The last season had ended with the real Sammit waking up from the coma. In Season 2, developed by Goldie Behl, directed by Rohan Sippy and written by Charudutt Acharya, the suspension of disbelief generated earlier, goes out of control. A man who has been in a coma for 14 years, has no physical or mental decline. The psychopathic tendencies he had displayed as a kid, are even sharper. Amit Sadh plays him, with facial twitches, grimaces and hysterical giggles, like an old school Bollywood “pagal”. Mental health advocates would find plenty to get upset about.
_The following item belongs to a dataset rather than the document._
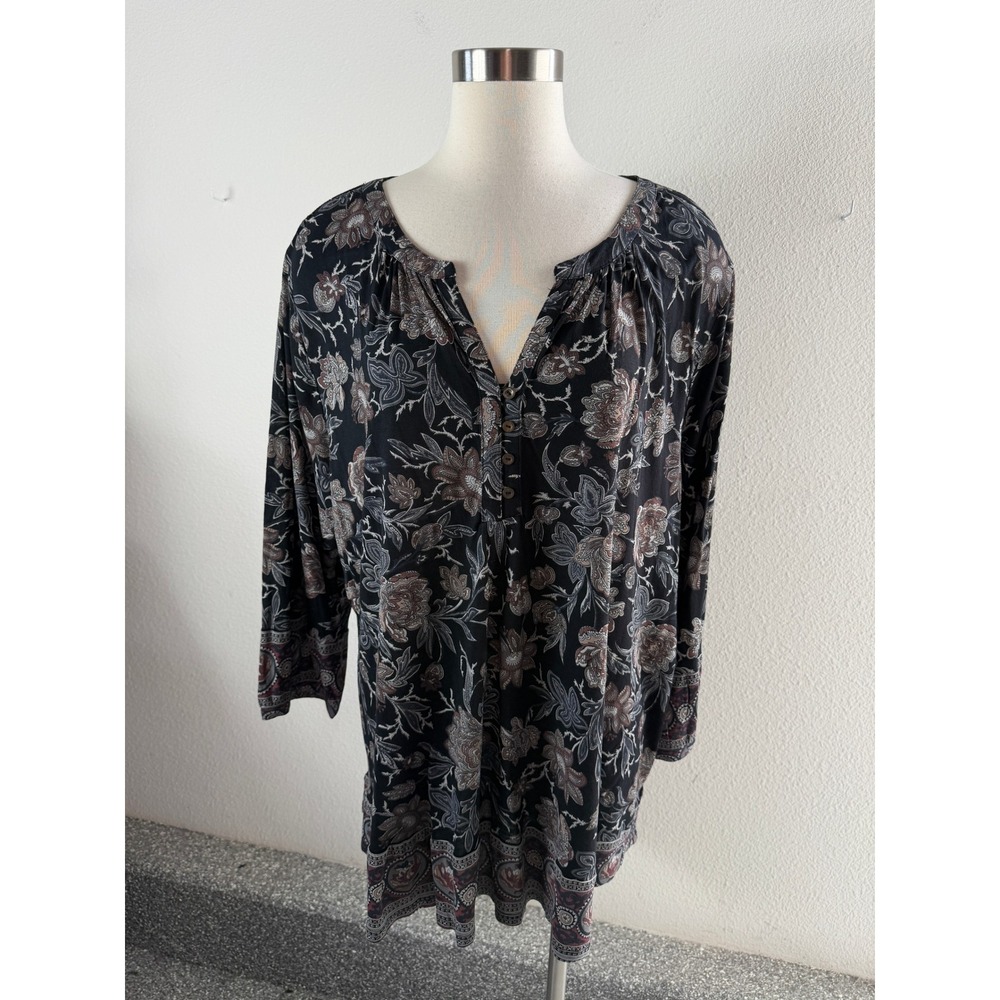 Lucky Brand Womens Plus 3X Floral Paisley V Neck 3/4 Sleeve Blouse Tunic Top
Returning characters include TV journalist Vikas (Abhijeet Khandekar),who knew Abhishek as a child and in spite of suffering imprisonment and torture at his hands in the last edition, is overeager to help find Bala Banne’s accomplice and clear Abhishek. He doesn’t seem to have anything better to do, neither does the police force running behind an ancient cold case. There’re also Abhishek’s enigmatic sister Prachi (Barkha Bisht) and Ira’s loyal colleague, Nikhil (Kiran Srinivas) frowning away in bafflement.
Abhishek gets worried when Sammit befriends Anya, pretending to be a professor—overnight he acquires the computer skills required to create a fake identity; his parents are keen to send him abroad, but Sammit wants the life he lost because of the years in coma and a return to his real name.
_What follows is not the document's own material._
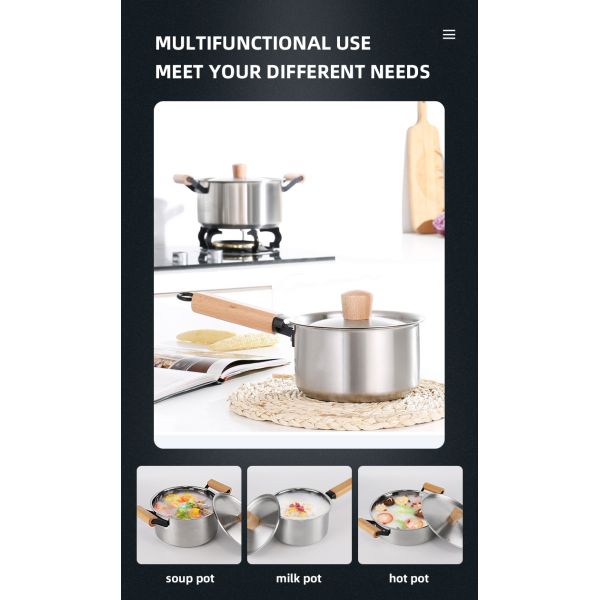 Factory Direct 3 Pieces Cooking Pot Set Kitchen Wares Set Pots And Pans Cookware Sets Cooking With Wooden Handle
There is not much suspense here, the audience knows who the accomplice is, but he is smarter and quicker than everyone pursuing him. If the plot of the earlier season was contrived, this one adds lazy twists to the mix. The killer always happens to be in the right place, and always evades capture. A crucial call comes when the accomplice is present, and in the clumsy manner of screen phone calls, the receiver repeats what was said, so the guy can hear and take preventive action. When Abhishek is about to get the name of the accomplice, another well-timed phone call stops his father’s cohort, the maniacally laughing pimp (Ganesh Yadav) from revealing the information. This happens often enough to be exasperating, because the series is pointlessly stretched over seven episodes, with mercifully short 30-minute episodes.
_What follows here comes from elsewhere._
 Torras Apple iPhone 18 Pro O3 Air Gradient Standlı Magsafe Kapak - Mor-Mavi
Ira puts her love for her husband over duty as a cop, which makes her somewhat unsympathetic, but the real dangers to society are the Patels, unhinged by guilt and parental devotion.
Gulshan Devaiah puts in a sincere performance, taking the ratcheting absurdity of the show into account. It ends with yet another cliffhanger, and the thought of a Season 3 is scarier than all the violence of the stabbing, nail-pulling kind, inflicted on the viewer.